Some new breweries resort to telling the personal story behind the company to stand out, but Nicky Lambert, co-founder of Wexford-based YellowBelly Beer, opted for something a bit different.
“What we’re trying to do is build an international brand so we see our competitors as being global craft beer breweries like Sierra Nevada, Stone and Founders,” he tells Fora.
“When we started out, people were telling us we needed to be telling a story, so we said we could tell a story about a pub and myself and my brother Simon.
“But you’re not going to want to listen to what we’re doing every other day. So from the start we created the YellowBelly character instead.”
The creation of the character involved the original seven people working on the startup in a writer’s room scenario, cooking up ways to present and use YellowBelly to tell the brewery’s story, Lamberts.
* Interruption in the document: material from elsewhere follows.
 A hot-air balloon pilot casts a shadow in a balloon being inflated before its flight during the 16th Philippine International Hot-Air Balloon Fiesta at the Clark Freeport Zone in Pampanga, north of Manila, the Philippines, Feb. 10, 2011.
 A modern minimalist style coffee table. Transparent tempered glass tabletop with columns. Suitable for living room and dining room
The startup has used YellowBelly in a number of different ways to front the brand, all while the founders operate in the background.
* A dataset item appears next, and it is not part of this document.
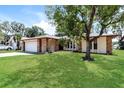 Single-story home boasts a well-manicured lawn with mature trees and stone accents on the facade at 12408 Golden Oak Cir, Hudson, FL 34669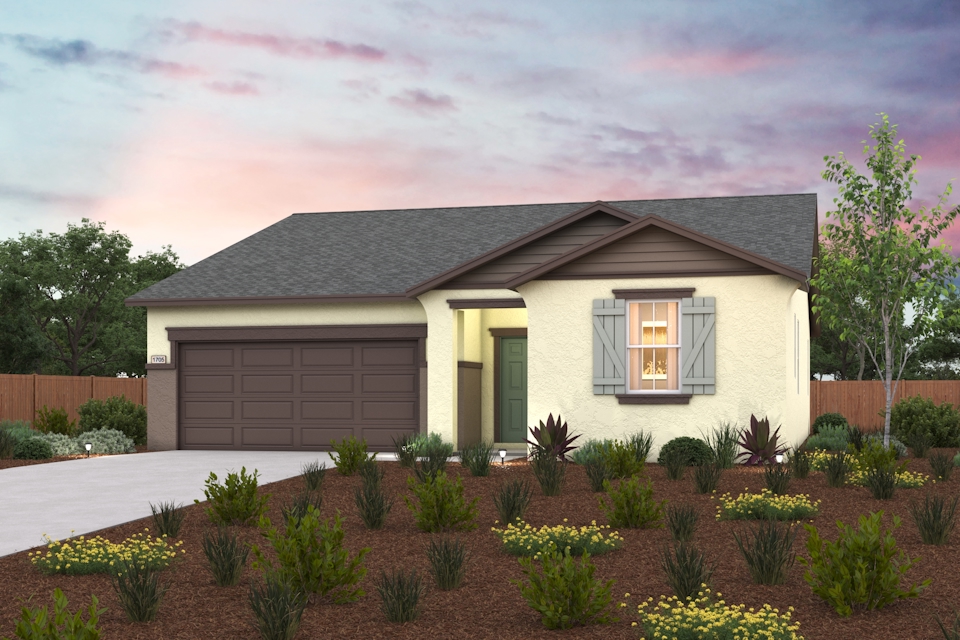 A house with a driveway and a garden in front of it.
He is the focal point of a three-part comic book series coming out in the next few weeks and is also the star of a video game the company made last year to promote the brand.
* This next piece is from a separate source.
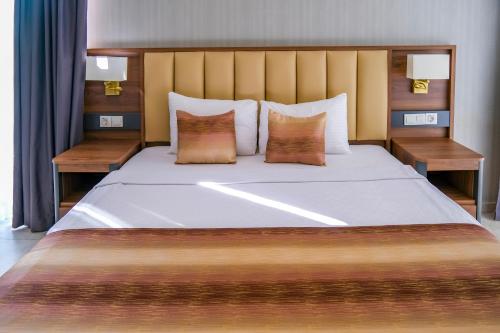 a bedroom with a large white bed with two tables at Days Inn by Wyndham Alanya in Alanya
“He is an inter-dimensional time traveller, but he has a bit of all of our personalities in him,” Lambert says.
“We can create concepts and storylines around the character and we can do lots of stuff with him. That was the whole idea of having a character to do it rather than the simple story.”
Launched in the middle of last year, YellowBelly Beer isn’t following a normal playbook for setting up a brewery.
Lambert says he was encouraged to use the startup’s Irish roots as a selling point internationally, but it’s not an approach he really wants to take.
“We’re proud of being from Ireland, but we’re not going to make a stout or red ale just because we’re Irish,” he says. “A lot of people expect us to, but that’s what Guinness does. We’re happy to try unique recipes.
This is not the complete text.